# MeElectronics trrs plug replacement. Please help me solder the right connections!



## daikw

Hey there, 
   
  I'm replacing the trrs plug on my Meelectronic IEMs with mic. 
   
  As you can see I have removed the old plug and stripped the wires but I've hit a snag.
   
  I am not sure as to which wires should be soldered to which points on the plug. 
   
  From looking at youtube I have just gotten confused: I cannot find a tutorial for this particular looking plug. And i'm not sure what the green vs the blue is. 
   
  Could someone kindly help in the simple form of :
   
_1 = Green, 2 = Bronze_...  et cetera!
   
  The wire colours are Blue, Red, Green, Bronze. 
   
  Many thanks.


----------



## qusp

always a good idea to take a note of what is connected where before chopping it off......

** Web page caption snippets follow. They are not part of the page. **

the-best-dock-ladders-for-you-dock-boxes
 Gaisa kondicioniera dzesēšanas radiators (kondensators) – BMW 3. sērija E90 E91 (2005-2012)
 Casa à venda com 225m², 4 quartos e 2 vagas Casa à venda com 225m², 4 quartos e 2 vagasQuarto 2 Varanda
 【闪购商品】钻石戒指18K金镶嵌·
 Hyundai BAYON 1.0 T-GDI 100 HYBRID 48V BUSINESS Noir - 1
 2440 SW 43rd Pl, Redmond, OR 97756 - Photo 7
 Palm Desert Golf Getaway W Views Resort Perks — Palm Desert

 we would only be guessing based on them hopefully following some sort of standard.

my guess will be

Blue = Left = 3
Red = Right = 2
Green = Ground = 4
Bronze = Mic = 1

but its just an educated guess, sometimes ground and mic will be swapped ie. sometimes ground will be your pin 1 and pin 4 is mic. or rather the standard trrs external pin rings are

||Ground/Sleeve|| mic || right || left (<-tip)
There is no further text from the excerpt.